Изменить стиль страницы

— Если быть точным, то это дело Сергея и в какой–то мере мое, — сказал Герман, стремясь овладеть собой. Вторжение сестры было неоправданно дерзким и не на шутку разгневало Германа.

— Все готова понять, не могу понять этого: почему твое? — произнесла Лариса.

— Потому что после смерти отца я в этом доме старший… — он встал и пошел по комнате.

Она сейчас стояла перед братьями в своем репсовом платьице с вырезом, который был так велик, что захватывал ложбинку на груди, она знала, что у нее красиво, и не скрывала этого.

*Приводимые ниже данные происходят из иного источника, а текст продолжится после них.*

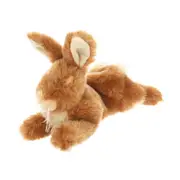 MasterPet Cuddlies Rabbit Plush Dog Squeaker Toy - 2 Sizes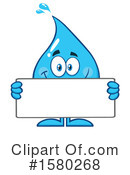 Water Drop Clipart #1580268 by Hit Toon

— Вот взгляни на него! — простерла она обнаженные руки к Герману и рассмеялась, в ее громком смехе был вызов. — В едином лице и воин революции, и ревнитель домостроя… — она взвизгнула. — Он старший!.. — она метнулась в свою комнатку и на минуту застыла, увидев там няню. — А ты чего затаилась тут в темноте? О господи!.. — но ее смятение длилось миг. — Вот она самая старшая!.. Вот!.. — осенило Ларису, и она вытолкнула на свет няню.

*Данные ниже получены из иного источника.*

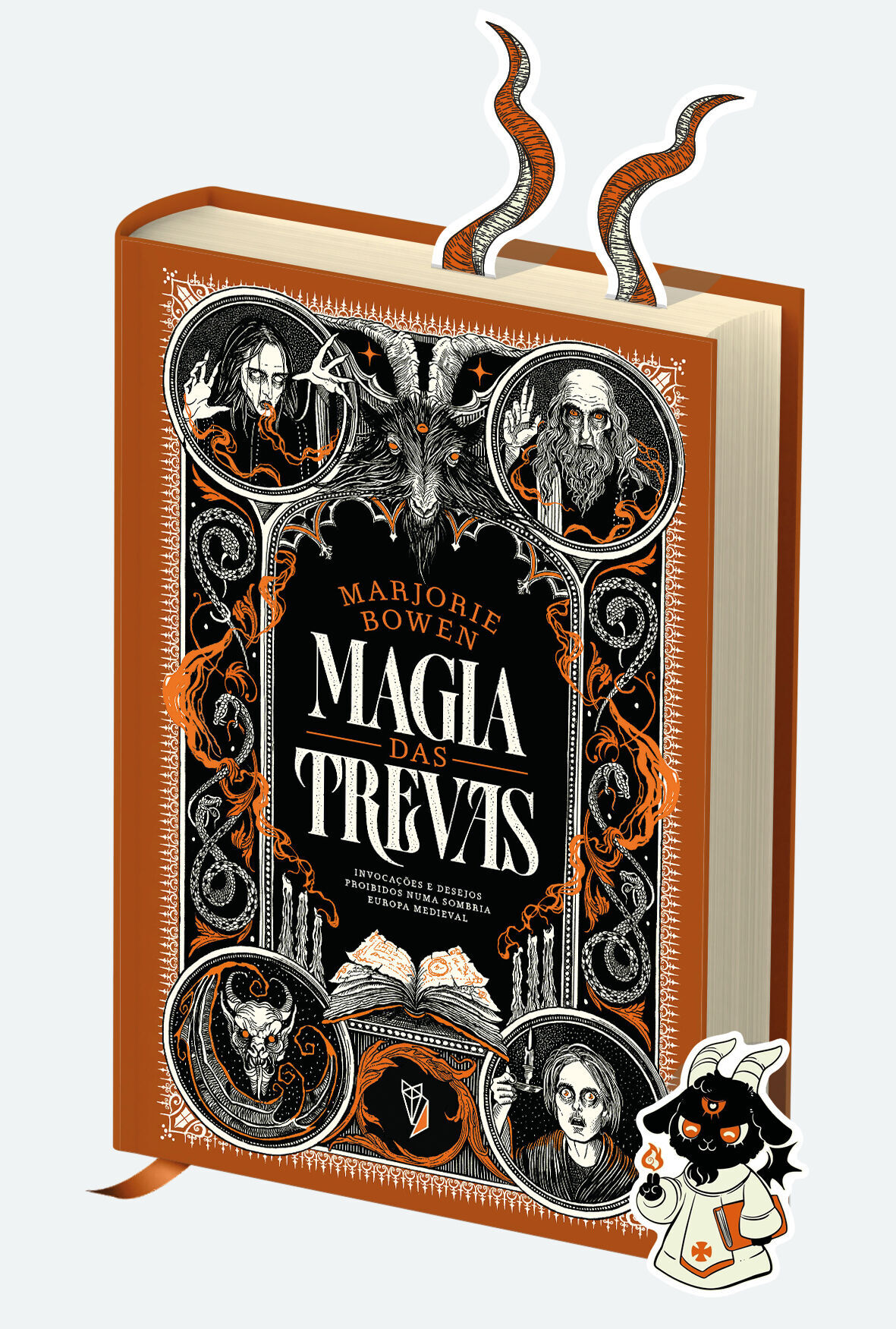 Promocional da Campanha! Magia das Trevas + Marcador + Ímã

Старуха стояла, не в силах совладать с трясущимся телом, шея поослабла, и голова пошла ходуном, она гнула старуху к полу, отчего руки пошли вширь, да и ноги кинуло вразброс — одна, того гляди, двинется к Соколиным, другая на Воробьевку,

— Ближе их никого нет нынче на свете, они братья… — сказала няня, не в силах удержать головы, которая продолжала трястись, точно поддакивая сказанному, соглашаясь. — Кто–кто, а они поймут друг друга…

Старая качнулась и двинулась к лестнице, дав понять, что то немногое, что было в ее власти, она сделала. Было слышно, как она сошла с лестницы, остановилась в темноте, минуту не двигаясь, что–то выговаривая… Потом она, так можно предположить, уткнулась в стену и, держась за нее, пошла к себе. Да и Лариса выключила свет, рубец света, что был виден под дверью, вскоре исчез, не иначе зажгла настольную лампу, что стояла у нее на ночном столике, она была полуночницей и засыпала поздно, отдавая ночи книге.

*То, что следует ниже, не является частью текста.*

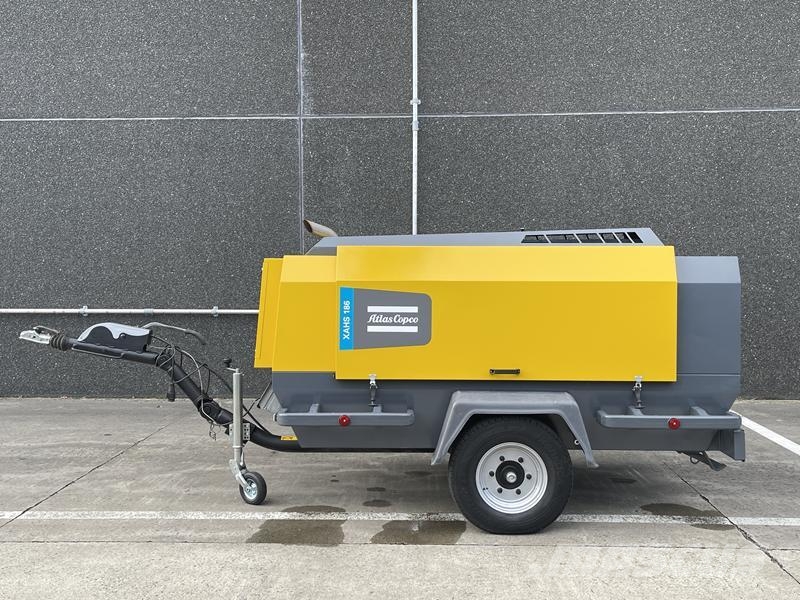 Atlas Copco XAHS 186 Kompressorer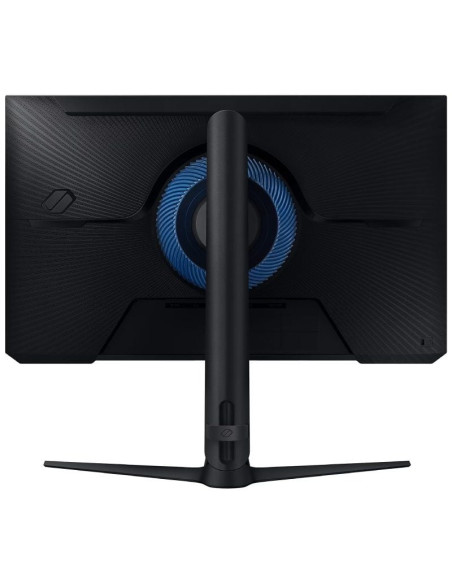 Monitor Gaming Samsung Odyssey G3 S24DG302EU/ 24"/ Full HD/ 1ms/ 180Hz/ VA/ Regulable en altura/ Negro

Братья остались одни, и теперь самый раз было продолжить разговор, но, странное дело, Герман уклонился. Он повлек брата в комнату, служившую кабинетом. Комната была угловой, и ее два окна как бы создавали этот угол, выходя на юг и восток. Он обратил взгляд на застекленный шкаф, стоящий меж окон.

— Ты помнишь этот шкаф? — он повернул ключик, открыл дверцу. — А вот это чудо ты, наверно, не видел? — он снял с полки большую бухгалтерскую книгу в твердом переплете, крытом ярко–зеленой глянцевой бумагой. — А вот эту руку помнишь? — он раскрыл книгу, медленно листая. Тяжелая бумага, графленная синей и красной линиями, была заполнена крупным, с видимым нажимом почерком, каким сегодня уже не пишут.

— Рука отца?

— Отца, конечно… Да ты взгляни внимательнее! Говорят, на Востоке каллиграфия на уровне живописи… Так вот она живопись и есть, да к тому же и точность! Вот где искусство породнилось с математикой!..

Как помнит Сергей, отец был главным бухгалтером на заводе Михельсона, бухгалтером первоклассным и держал заводской счет в ажуре, пользуясь, как говорили, доверием директоров. В семье Цветовых он был самым старшим и порядочно школил Кирилла на первых порах, впрочем, тот превзошел брата, став в своем деле асом. Так или иначе, а за братьями упрочилась в мире, имеющем отношение к счету, репутация людей, чья обязательность и точность вошли в пословицу: «Если считают Цветовы, пересчитывать не надо».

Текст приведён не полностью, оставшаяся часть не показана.